From an economic perspective, the transition to carbon neutrality relies on three main mechanisms: the substitution of capital for fossil fuels, which will imply a significant increase in investment (2.5 points of GDP in 2030, i.e. 70 billion euros at 2021 prices); the accelerated redirecting of technical progress towards alternatives to fossil fuel energies and the improvement of energy efficiency; and lastly, the moderation of energy-intensive uses and consumption (sufficiency).
The mix of these three mechanisms is a matter of collective choice, which may differ from one country to another and which may also vary over time. In the long term (2050), the redirection of technical progress will play a major role. The progress already made proves that a net-zero economy is not a utopia. The objective of "net zero emissions" in 2050 is within our reach. In the medium term (2030), we must rely on technologies that are already reliable, and therefore combine the substitution of capital for fossil fuels with efforts to save energy. The economic costs of these efforts should not be ignored. Additional investments will certainly boost demand, but the main issues are on the supply side.

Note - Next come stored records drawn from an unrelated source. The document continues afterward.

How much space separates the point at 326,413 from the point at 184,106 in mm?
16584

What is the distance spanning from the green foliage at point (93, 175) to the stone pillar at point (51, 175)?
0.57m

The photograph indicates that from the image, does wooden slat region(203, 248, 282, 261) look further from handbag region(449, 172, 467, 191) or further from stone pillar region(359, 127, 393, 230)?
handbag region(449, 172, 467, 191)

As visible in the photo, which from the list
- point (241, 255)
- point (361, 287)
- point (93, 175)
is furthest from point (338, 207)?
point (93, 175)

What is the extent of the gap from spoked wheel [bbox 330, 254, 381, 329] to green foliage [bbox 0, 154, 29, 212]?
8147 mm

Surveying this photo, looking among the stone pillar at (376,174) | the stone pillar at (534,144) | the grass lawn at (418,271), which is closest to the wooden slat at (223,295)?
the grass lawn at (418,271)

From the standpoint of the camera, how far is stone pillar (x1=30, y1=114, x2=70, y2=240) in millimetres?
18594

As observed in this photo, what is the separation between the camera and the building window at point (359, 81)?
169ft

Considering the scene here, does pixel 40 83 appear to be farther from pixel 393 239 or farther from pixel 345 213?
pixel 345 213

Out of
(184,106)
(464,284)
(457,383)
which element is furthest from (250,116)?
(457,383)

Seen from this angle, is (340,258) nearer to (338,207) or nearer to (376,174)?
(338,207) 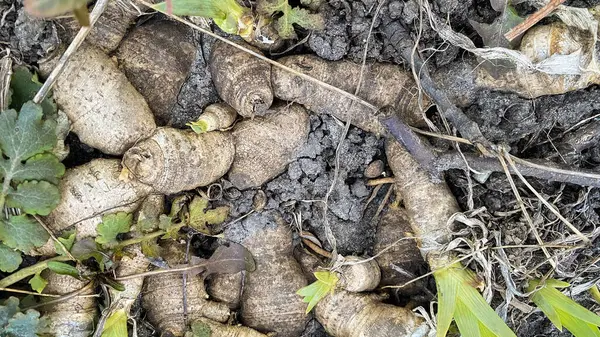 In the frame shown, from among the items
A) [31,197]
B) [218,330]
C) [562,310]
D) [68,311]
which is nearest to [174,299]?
[218,330]

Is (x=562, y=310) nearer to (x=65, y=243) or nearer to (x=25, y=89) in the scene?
(x=65, y=243)

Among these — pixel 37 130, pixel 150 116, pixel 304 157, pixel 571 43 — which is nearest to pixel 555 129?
pixel 571 43

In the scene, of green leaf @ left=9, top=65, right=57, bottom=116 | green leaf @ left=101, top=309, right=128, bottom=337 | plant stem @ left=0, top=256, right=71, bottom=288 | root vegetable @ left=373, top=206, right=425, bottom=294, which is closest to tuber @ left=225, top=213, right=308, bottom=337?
root vegetable @ left=373, top=206, right=425, bottom=294

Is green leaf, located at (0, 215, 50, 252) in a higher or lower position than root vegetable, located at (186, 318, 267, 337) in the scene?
higher

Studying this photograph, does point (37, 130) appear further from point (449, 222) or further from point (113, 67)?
point (449, 222)

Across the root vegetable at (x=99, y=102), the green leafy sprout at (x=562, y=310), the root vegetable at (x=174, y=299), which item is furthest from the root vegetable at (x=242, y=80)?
the green leafy sprout at (x=562, y=310)

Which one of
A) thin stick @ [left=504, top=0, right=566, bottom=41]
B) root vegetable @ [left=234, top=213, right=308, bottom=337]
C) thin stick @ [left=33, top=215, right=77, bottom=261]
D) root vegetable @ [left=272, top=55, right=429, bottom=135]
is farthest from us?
root vegetable @ [left=234, top=213, right=308, bottom=337]

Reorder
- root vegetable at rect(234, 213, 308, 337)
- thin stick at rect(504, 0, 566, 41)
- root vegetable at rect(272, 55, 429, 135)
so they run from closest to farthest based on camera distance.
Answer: thin stick at rect(504, 0, 566, 41), root vegetable at rect(272, 55, 429, 135), root vegetable at rect(234, 213, 308, 337)

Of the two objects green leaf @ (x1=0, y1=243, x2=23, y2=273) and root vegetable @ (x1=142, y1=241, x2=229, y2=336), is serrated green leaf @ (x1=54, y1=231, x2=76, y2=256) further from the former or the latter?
root vegetable @ (x1=142, y1=241, x2=229, y2=336) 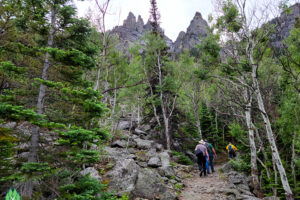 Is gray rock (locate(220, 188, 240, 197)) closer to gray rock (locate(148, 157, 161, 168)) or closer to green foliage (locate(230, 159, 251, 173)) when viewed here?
gray rock (locate(148, 157, 161, 168))

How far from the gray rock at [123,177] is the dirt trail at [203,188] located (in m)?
2.13

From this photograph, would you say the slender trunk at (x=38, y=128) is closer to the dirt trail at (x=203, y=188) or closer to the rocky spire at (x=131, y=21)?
the dirt trail at (x=203, y=188)

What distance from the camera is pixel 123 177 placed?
20.1 feet

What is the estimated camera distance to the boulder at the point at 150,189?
18.9ft

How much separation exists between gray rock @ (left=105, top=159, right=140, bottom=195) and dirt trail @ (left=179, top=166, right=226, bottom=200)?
2.13 m

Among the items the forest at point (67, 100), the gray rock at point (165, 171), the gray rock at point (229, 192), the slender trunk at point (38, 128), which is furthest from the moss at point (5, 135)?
the gray rock at point (229, 192)

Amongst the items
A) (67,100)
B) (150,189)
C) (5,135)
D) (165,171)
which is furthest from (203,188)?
(5,135)

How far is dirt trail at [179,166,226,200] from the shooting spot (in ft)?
21.2

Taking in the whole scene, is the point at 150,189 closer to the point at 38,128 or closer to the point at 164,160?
the point at 164,160

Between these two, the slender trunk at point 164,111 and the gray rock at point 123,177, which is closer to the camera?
the gray rock at point 123,177

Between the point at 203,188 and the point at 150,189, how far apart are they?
117 inches

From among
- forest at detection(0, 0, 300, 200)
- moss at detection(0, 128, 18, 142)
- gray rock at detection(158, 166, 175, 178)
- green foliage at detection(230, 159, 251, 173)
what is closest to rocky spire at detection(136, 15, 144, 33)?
forest at detection(0, 0, 300, 200)

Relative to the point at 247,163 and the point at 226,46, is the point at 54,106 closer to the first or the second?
the point at 226,46

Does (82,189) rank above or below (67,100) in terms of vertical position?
below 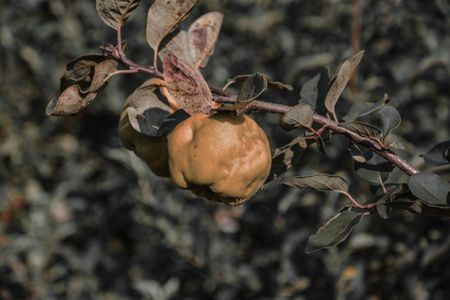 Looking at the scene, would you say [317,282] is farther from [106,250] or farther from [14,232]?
[14,232]

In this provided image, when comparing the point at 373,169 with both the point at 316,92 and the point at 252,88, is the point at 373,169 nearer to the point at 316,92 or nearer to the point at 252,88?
the point at 316,92

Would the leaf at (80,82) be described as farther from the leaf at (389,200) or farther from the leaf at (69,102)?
the leaf at (389,200)

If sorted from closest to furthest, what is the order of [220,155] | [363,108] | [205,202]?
[220,155] → [363,108] → [205,202]

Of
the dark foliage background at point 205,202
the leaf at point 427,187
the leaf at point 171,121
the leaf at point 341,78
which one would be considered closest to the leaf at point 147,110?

Because tangible (equipment, buildings), intangible (patents) and human (qualifications) capital will be depreciated, potential production will most certainly decrease; because research and development efforts will be mainly oriented towards reducing the use of fossil fuels, labor productivity gains and therefore growth are likely to be temporarily reduced.
Sufficiency can contribute to the transition without necessarily reducing consumption, growth and well-being, especially if it results from changes in consumer preferences and is accompanied by changes in the supply of goods and services.
In sum, it will be necessary to invest more temporarily, in a context of lower supply. The immediate impact of the transition is therefore likely to be inflationary. As for public finances, they will have to bear the burden of public investment and support the efforts of companies and households that are insufficiently creditworthy. Public policies, however, have the ability to substantially reduce the economic costs of the transition. In particular, they can:
- secure a consensus on the strategy ;
- address the lack of credibility which, in addition to being bad for the climate, is economically costly;
- adopt an economic approach. In the absence of a general carbon price, beyond the European quota markets, public choices will have to be informed by on an implicit carbon price path;
- define a doctrine for the use of public funds. There are many bad reasons to go into debt, but the climate transition is not one of them. The reform of the Stability Pact must take this dimension into account;
- better articulate national and European strategies. Climate change is a European competence, but many actions (energy policy, transport, housing) are mainly national decisions.